__TO DO__
Retype, exactly and completely, the listing that comes next, skipping its images.

__RECORDED DATA__
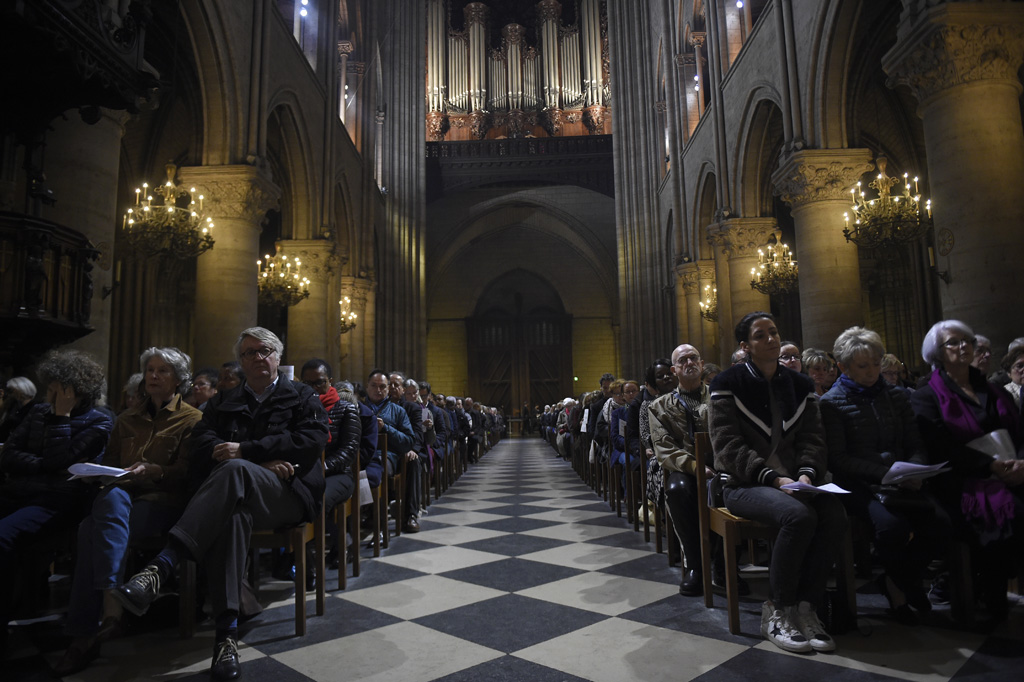 Gottesdienst in der Kathedrale Notre-Dame für die unschuldigen Opfer der Terroranschläge (15.11.)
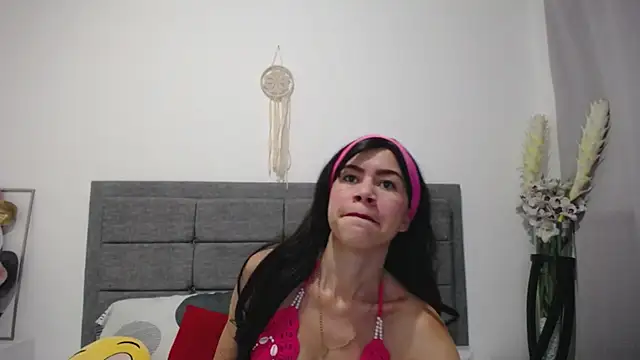 Snapshot of Vicky_Love_ chatting on 02.20.25 Vicky Love online show from 02.20.25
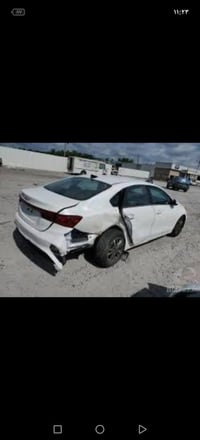 فورتي 2023 معوقين رقم بغداد السعر 145 وبيها مجال مكانها بغداد الكاظمية...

__THE ANSWER__
 Gottesdienst in der Kathedrale Notre-Dame für die unschuldigen Opfer der Terroranschläge (15.11.)
 Snapshot of Vicky_Love_ chatting on 02.20.25 Vicky Love online show from 02.20.25
 فورتي 2023 معوقين رقم بغداد السعر 145 وبيها مجال مكانها بغداد الكاظمية...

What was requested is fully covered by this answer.